Ma pauvre amie, pâle, déjà toute prête à partir, serre ses mains sur ses oreilles. Les coins de sa bouche tressaillent à chaque reprise. J’ai pitié.
— Rézi, voyons, c’est évidemment un ami de Marcel…
— Un ami de Marcel ! Vous n’entendez donc pas la méchanceté, l’intention de cette sonnerie exaspérante !… Allez, c’est quelqu’un qui nous sait ici. Si mon mari…
— Ah ! vous n’êtes pas brave !
— Merci ! c’est facile d’être brave avec un mari comme le vôtre !
Je me tais. À quoi bon ? J’agrafe mon corset. Vêtue, je vais, à pas de chat, tendre l’oreille près de la porte. Je n’entends rien que ce timbre, ce timbre !

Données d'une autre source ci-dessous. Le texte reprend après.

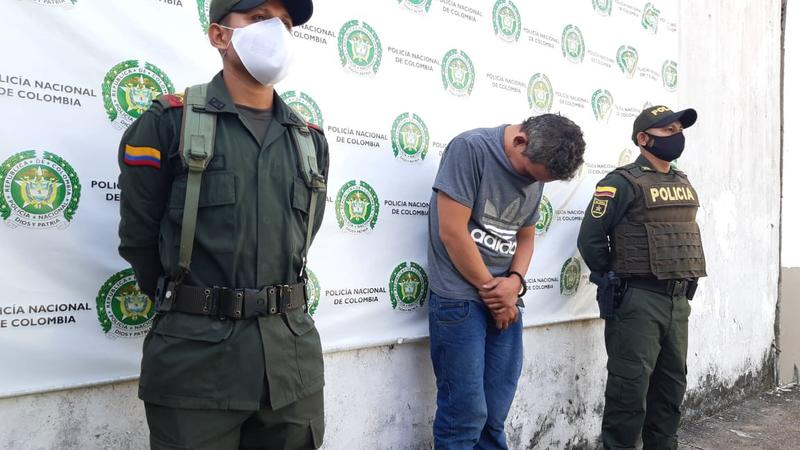 POLICÍA CAPTURA UN HOMBRE SEÑALADO DE ABUSAR DE DOS MENORES DE EDAD EN LETICIA POLICÍA CAPTURA UN HOMBRE SEÑALADO DE ABUSAR DE DOS MENORES DE EDAD EN LETICIA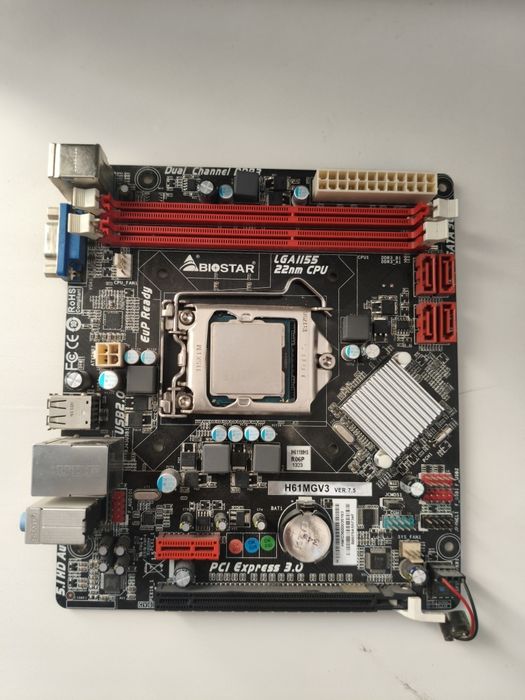 Материнская плата почти в сборе lga 1155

Enfin, après un dernier et long trille, une espèce de point d’exclamation, je perçois la fuite de pieds légers…
— Rézi ! il est parti.
— Enfin ! ne sortons pas tout de suite, on peut nous guetter… Si jamais je reviens ici !…
La triste fin de ce rendez-vous sans lendemain ! Ma jolie peureuse montre une telle hâte à me quitter, à s’éloigner de cette maison, de ce quartier, que je n’ose lui demander de rentrer avec elle… Elle descend la première, pendant que j’éteins la fleur renversée, que je ramasse les coussins pailletés. Le portrait de Marcel me regarde, menton dédaigneux, lèvres maquillées et closes…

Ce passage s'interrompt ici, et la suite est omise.